Messagepar MANÉ Diégo sur 05 Jan 2009, 02:50

Le 93e de Ligne en 1815
En réponses aux questions relatives de Jean-Pierre Hyvron.

Ami Jean-Pierre,

Je vais répondre à tes questions relatives au 93e de Ligne en 1815, mais sous la forme d’un message que je mets sur le forum de “Planète Napoléon” car “charité bien ordonnée commence par soi-même” et, comme tu le sais, suite à sa destruction par des “pirates” du web le 5 septembre passé, notre site a besoin de “volume” et tout mon temps lui est dédié.

Par contre, bien sûr, pas de problème, bien au contraire, pour que tu relaies ces informations, en tout ou partie, à tes amis du forum “Jeux d’Histoire” car “les amis de mes amis sont mes amis”. Je suis très proverbes ce soir !
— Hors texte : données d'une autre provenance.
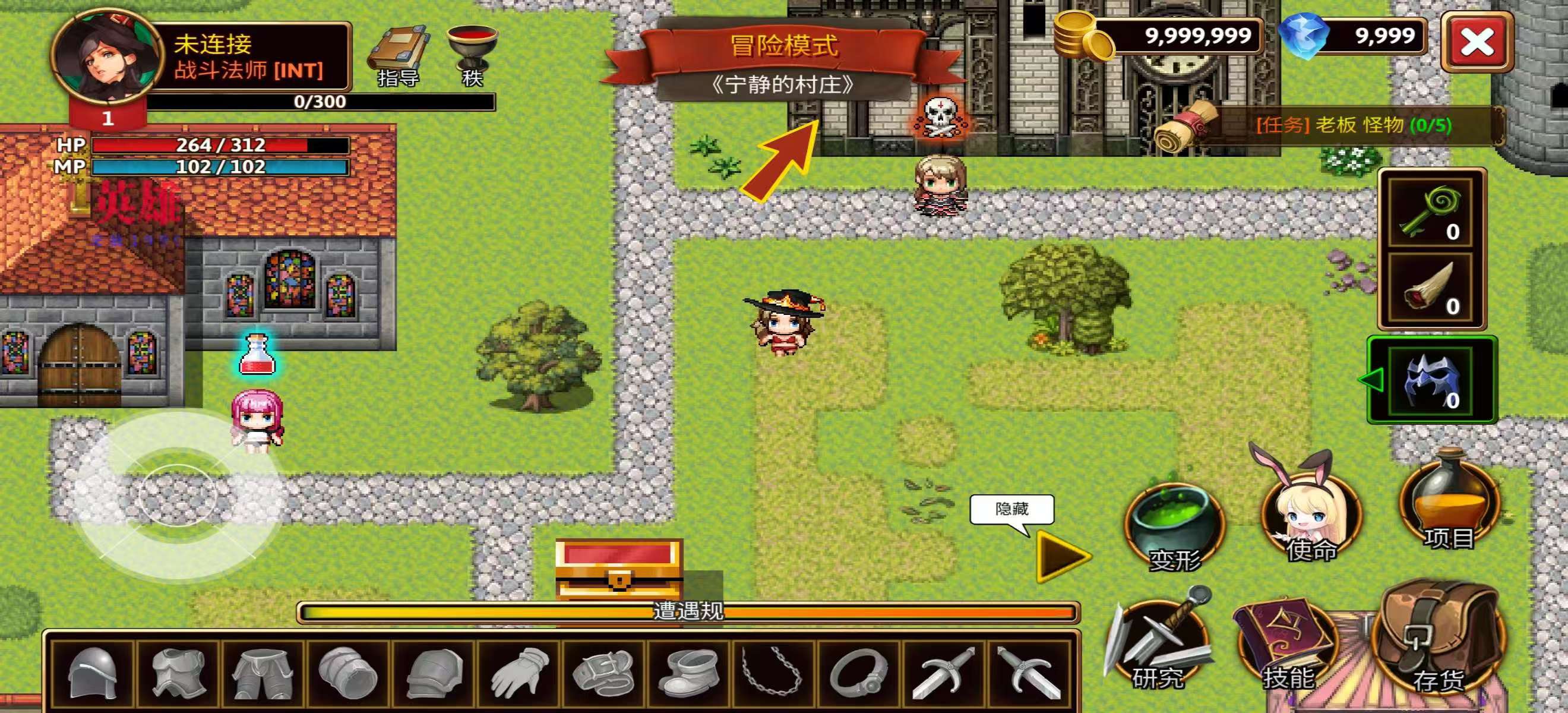 手游推荐黑暗RPG 2d像素专业版（菜单版）第8张插图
Donc, en substance, les questions sont suscitées par des informations différentes concernant une même unité, en l’occurrence le 93e de Ligne en 1815, et à la bataille des Quatre-Bras en particulier (celà sent la peinture d’ici, la même odeur que lorsque j’ai commencé mes premières troupes Empire : même corps, mais 6e division, Jérôme).

Bien, une remarque générale pour commencer. Comme tu le dis toi-même, les sources sont souvent contradictoires, et il faut parfois faire des choix entre elles, voire même entre elles. Là on dirait du Coluche (ce grand philosophe du XXe siècle), mais la deuxiième fois j’ai voulu dire que lorsqu’aucune source n’est satisfaisante il faut parfois se contenter d’un point moyen entre deux.

D’autres parts (oui, oui, au pluriel), je suis un “free lance” et je recours en cas de besoin à “mon intime conviction”, ce qui est souvent stipulé en bonne place dans mes travaux, et se trouve être justement le cas de ceux réalisés en 1998 pour les armées en 1815.
Cette liberté auto-octroyée me permet de faire autre chose que de la compilation pure et simple mais, expérience et amour de l’Histoire obligent, reste un travail très sérieux.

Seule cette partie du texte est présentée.